Leopold Senghor airport in the Senegalese capital Dakar is one of the most popular departure points in West Africa for couriers taking cocaine to Europe. Yet seizures are rare. The going rate at the airport for bribing airport security to ignore half a kilo of cocaine – with a European street value of £15,000 – is about £3,000. Dakar’s nearby seaport has never chalked up a single major cocaine seizure, despite being one of the largest ports in the region.
The South American cartels also have serious plans to eventually transform West Africa from being a cocaine staging post into an operating base.
Raw coca – grown until very recently solely in South America – obviously has to be refined into pure cocaine. In the past this process usually occurred in South America. But recent seizures of crack cocaine in West Africa suggest that chemical processing is already starting to take place there.
Even more significantly, the cartels also have plans to cultivate their own raw coca plant in West Africa by setting up new coca plantations. The area’s climate had always been considered unsuitable for coca cultivation until the emergence of a new strain of coca plant originally developed to be grown in the moist jungle regions close to the Amazon – and which we’ve already seen growing in Panama. Many in Latin America believe that the new type of coca plant would thrive in West Africa.

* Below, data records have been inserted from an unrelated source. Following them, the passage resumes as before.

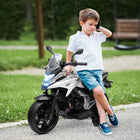 Qaba - Moto électrique Honda sous licence 12V avec phares et musique - blanc-Un démarrage par bouton, des phares et de la musique rendent le jeu interactif 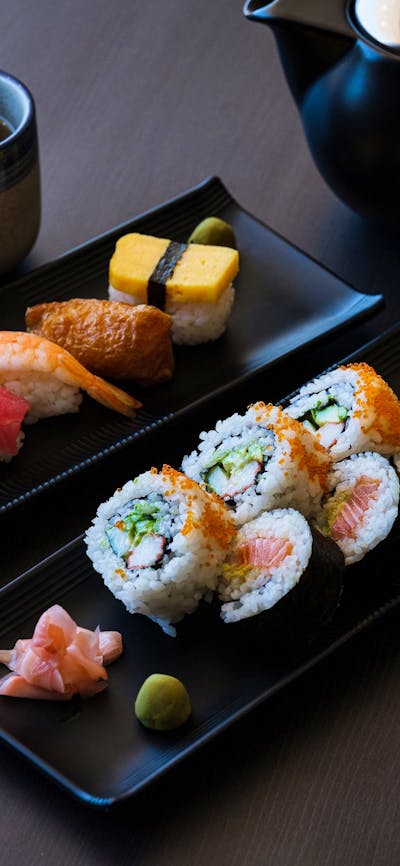 Sushi Roll and Sushi Nigiri Platter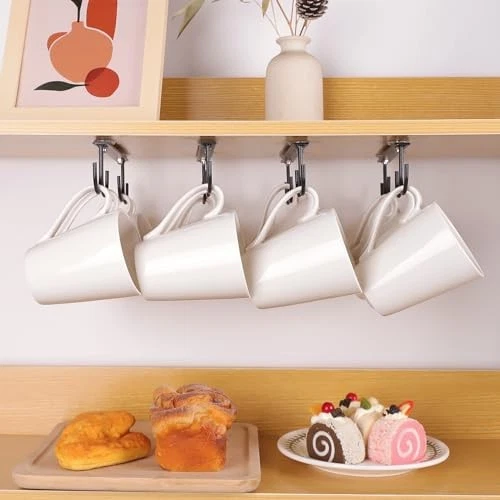 Mug Hooks Under Cabinet,3 Pieces Under Cabinet Mug Holder,Under Shelf Mug - Image 3 of 4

Such ‘home produced’ cocaine would be a first for Africa. It is a potential goldmine for the cartels because it would cut out the most expensive part of their manufacturing process, which is the transportation of cocaine across the Atlantic Ocean.
One ex-trafficker told me the South Americans have already begun experimental ‘grows’ in isolated areas of West Africa as ‘pilot projects’.
So, with at least three so-called ‘narco-states’ in the region now said to be virtually under the control of the South American cartels, I talked to some of the gangsters involved in turning this area into such an important hub for cocaine.
CHAPTER 34
MARCO
Cocaine trafficker Marco – now based in Spain – told me he ‘ran’ six airliners across the Atlantic from South and
Central America to West Africa during an eighteen-month period between 2009 and early 2011.
Before then, only light aircraft – often twin-engined Cessna 441s – would take off from transit points (usually in Venezuela) laden with cocaine produced in the rainforests of neighbouring Colombia and Peru. To extend their range, the planes were packed with plastic containers filled with aviation fuel.
These small aircraft then flew across the Atlantic, often with one crew member furiously pumping extra fuel into the engines. Having landed on a bush airstrip on the West African coast, the plane’s valuable cargo would be unloaded for onward trafficking to Europe.
But, says Marco, the cartels wanted bigger, better ways to transport their coke and they believed using larger planes would be far more financially viable. He explained: ‘In any case, more than half those light aircraft flights ended in disaster with pilots either crashing or ditching their planes because they were either loaded with too much or too little fuel.’
Marco went on: ‘So the cartels started buying up secondhand airliners. It made complete sense. The main attraction to the cartels is that there is no radar coverage over the ocean, meaning big aircraft can cross the Atlantic virtually undetected. The sky’s the limit.’
So ‘Air Cocaine’ was born. It was a remarkable development – even by the cartels’ standards – because of the distances involved and the complexity of flying big jets. A trip from Venezuela to West Africa is about 3,400 miles.
‘But they’re ludicrously cheap to buy second hand and actually create less suspicion than smaller craft,’ says Marco. ‘The pilots are paid hundreds of thousands of dollars just for one flight. They make more in a week than most pilots make in a year.’